Aus­schnitt aus dem Titel­bild der Welt­wo­che vom 1. August 2020 von Tho­mas Hirsch­horn, mit Simo­ne Weil-Portrait

“Klei­nes, schma­les Gesicht, fast ver­deckt von Haar und Bril­le. Fein­ge­form­te Nase, schwar­ze, kühn bli­cken­de Augen, ein nach vorn gestreck­ter Hals ver­mit­tel­ten den Ein­druck einer lei­den­schaft­li­chen, fast auf­dring­li­chen Neu­gier, aber der Mund mit den vol­len Lip­pen drück­te Sanft­mut und Güte aus. … es war ein zugleich anmas­sen­des und sanf­tes Ant­litz, küh­nes Befra­gen, aber schüch­ter­nes Lächeln, das sich über die eige­ne Per­son zu belus­ti­gen schien. Waren es nun die dicken Bril­len­glä­ser oder der Ein­druck, stets unter­su­chen, wis­sen, urtei­len zu wol­len? … Ein schmäch­ti­ger Kör­per, leb­haf­te, aber häu­fig unge­schick­te Ges­ten … Dies alles bil­de­te eine eigen­ar­ti­ge Gestalt, die an die revo­lu­tio­nä­re Intel­li­gen­zi­ja erin­ner­te und man­chen Leu­te, aus irgend­ei­nem Grund, bis zur Weiss­glut reiz­te — noch heu­te.” (Simo­ne Pétre­ment, Klas­sen­ka­me­ra­din von Weil am berühm­ten Lycée Hen­ri IV in Paris)

“Schon als reiz­vol­les jun­ges Mäd­chen klei­de­te sie sich  bewusst unele­gant in dem Bestre­ben, ihre Schön­heit zu ver­ber­gen. Ihre stu­den­ti­sche Stan­dard­klei­dung bestand aus fla­chen Schu­hen, Wolls­trümp­fen, einem Kos­tüm, einer Bas­ken­müt­ze, einem gro­ben Man­tel mit wei­ten Taschen vol­ler Zei­tun­gen, deut­lich her­aus­ra­gend die kom­mu­nis­ti­sche L’Hu­ma­ni­té. Ziga­ret­ten rau­chend, woll­te sie es den Män­nern gleich tun: Aus­druck eman­zi­pa­to­ri­scher Bestre­bung, denn es gab nur weni­ge Stu­den­tin­nen, in der Phi­lo­so­phie­klas­se ihres Leh­rers Alain gan­ze vier.” (Heinz Abosch)

Simo­ne Weil — offen­sicht­lich schon in jun­gen Jah­ren eine auf­fal­len­de Erscheinung.
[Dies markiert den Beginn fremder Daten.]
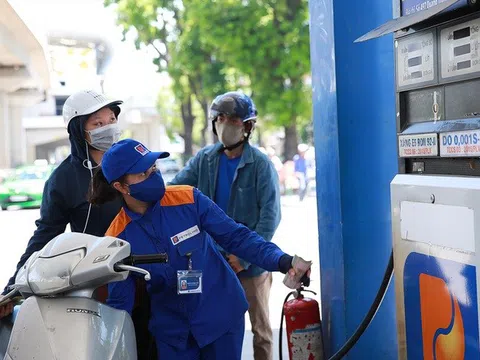 Giá xăng và gas lên cao, hàng ăn đồng loạt tăng giá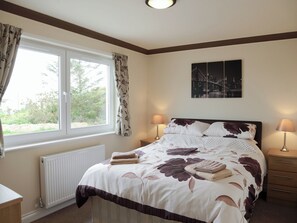 3 bedrooms, free WiFi, bed sheets, wheelchair access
1909 in Paris eine gross­bür­ger­li­che jüdi­sche Fami­lie  gebo­ren, — der Vater war Inter­nist, ihre nach Pogro­men aus Russ­land geflo­he­ne Mut­ter Pia­nis­tin — , erwies sich Simo­ne schon bald als hoch­be­gab­tes, aber auch ste­tig krän­keln­des, schwie­ri­ges und eigen­sin­ni­ges Kind. Sie konn­te mit vier schon lesen und erlang­te mit 16 ihr “bac­ca­lau­réat”. Am Lycée Hen­ri IV war sie die Lieb­lings­schü­le­rin von Emi­le Char­tier (“Alain”), der ein hohes Anse­hen als “mora­li­sche Stim­me” Frank­reichs genoss, und stu­dier­te schliess­lich an der Eli­te­hoch­schu­le “Eco­le nor­ma­le supé­ri­eu­re” Philosophie.

Eine Anek­do­te der Mit­stu­den­tin Simo­ne de Beau­voir macht deut­lich, dass die frisch­ge­ba­cke­ne Phi­lo­so­phin durch­aus nicht beab­sich­tig­te, sich in den sprich­wört­li­chen “phi­lo­so­phi­schen Elfen­bein­turm” zurück­zu­zie­hen. Anläss­lich einer Dis­kus­si­on erklär­te sie “in schnei­den­dem Tone, dass eine ein­zi­ge Sache heu­te auf Erden zäh­le: eine Revo­lu­ti­on, die allen Men­schen zu essen geben wür­de”. Als Beau­voir ent­geg­ne­te, “das Pro­blem bestehe nicht dar­in, Men­schen glück­lich zu machen, son­dern für ihre Exis­tenz einen Sinn zu fin­den”, kon­ter­te Weil schroff: “Man sieht, dass sie noch nie­mals Hun­ger gelit­ten haben”.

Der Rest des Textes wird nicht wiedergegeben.